Enhanced TI-99/4A clone

The Geneve 9640 is an enhanced TI-99/4A computer-on-a-card upgrade. It was sold by Myarc as a card to fit into the Texas Instruments TI Peripheral Expansion System. Released in 1987, it is in many ways similar to the earlier TI-99/8, which was in prototype form in early 1983. The Geneve 9640 was designed by Paul Charlton, and the graphical swan on the boot up screen was designed by Mi-Kyung Kim.

== Hardware ==
The Geneve 9640 features a 16-bit TMS9995 processor clocked at 12 MHz.

A Yamaha V9938 video display processor (the same one used in the MSX2 family of home computers) provides 256-color graphics at a 256×424 resolution, 16-color graphics at a 512×424, and an 80-column text mode.

Audio is produced via an SN76496 programmable sound generator capable of producing three simultaneous square waves at sixteen different volume levels, as well as an additional noise channel that could produce either periodic or white noise in three different frequencies and at sixteen different volumes.

Onboard memory consists of 512 KB CPU RAM, which can be upgraded to at least 2 MB through the use of the Myarc Memex Expansion Card or similar. The card also has as 128 KB video RAM.

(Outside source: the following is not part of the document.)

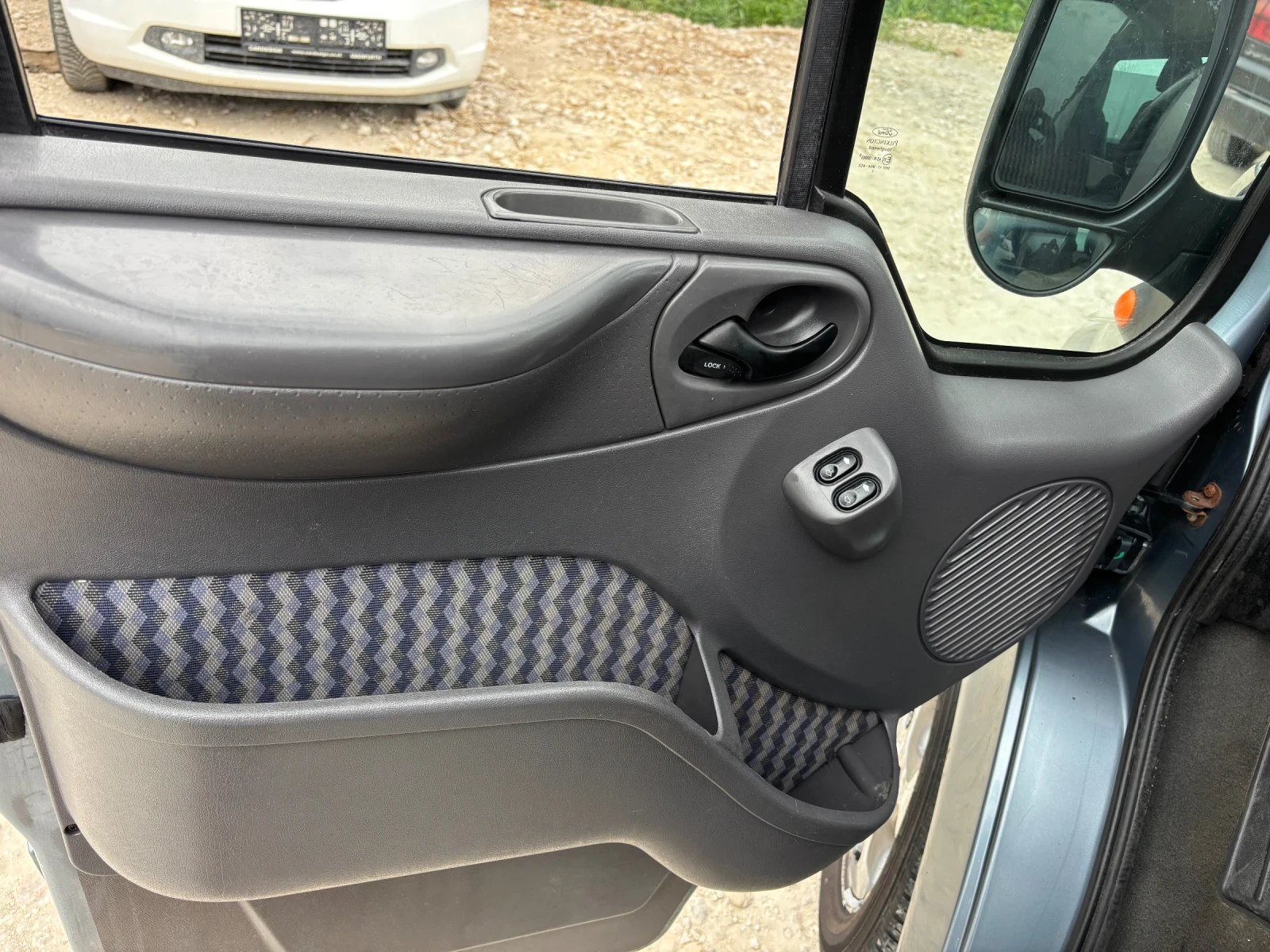 Ford Transit 2.0 тди 6местен - изображение 8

The board includes a battery-backed real time clock (RTC). An IBM PC XT compatible detached keyboard and a mouse are used for input. The Geneve 9640 is compatible with nearly all software written for the TI-99/4A. An adapter was made by a company named Rave to allow the sidecar-only Speech Synthesizer to be installed inside the Peripheral Expansion System.

== Software ==
The following software is bundled with the Geneve:
- Cartridge Saver, allowing most cartridges to be saved to and run from disk
- GPL, a program used to set up a 99/4A environment to run software saved by Cartridge Saver or most other 99/4A-specific software
- Advanced BASIC, supporting 80 columns and compatible with TI BASIC and TI Extended BASIC
- Pascal Runtime (not officially released by Myarc)
- TI-Writer Word Processor, upgraded to 80 columns and increased speed
- Microsoft Multiplan, upgrade to 80 columns, increased memory, and increased speed
- Myarc Disk Operating System
In 1993, Beery Miller, the publisher of 9640 News, organized a group of Geneve 9640 owners and was able to purchase all rights to the source code for MDOS, Advanced Basic, the PSYSTEM runtime module, and the GPL Interpreter from Myarc and Paul Charlton.

Over the years, MDOS has been updated by individuals including Tim Tesch, Clint Pulley, Alan Beard, John Johnson, James Schroeder, Mike Maksimik, James Uzzell, Tony Knerr, Beery Miller, and others. Support for SCSI, IDE, and larger ramdisks was added in the earlier years after the buyout. In late 2020 and early 2021, with the release of the TIPI for the TI-99/4A, the Geneve was interfaced with the TIPI and a Raspberry PI providing TCP socket access and nearly unlimited high speed hard-drive-like file access.

A small but active base of users still exist on www.atariage.com as of 2021, where Tim Tesch, Beery Miller, and others provide support.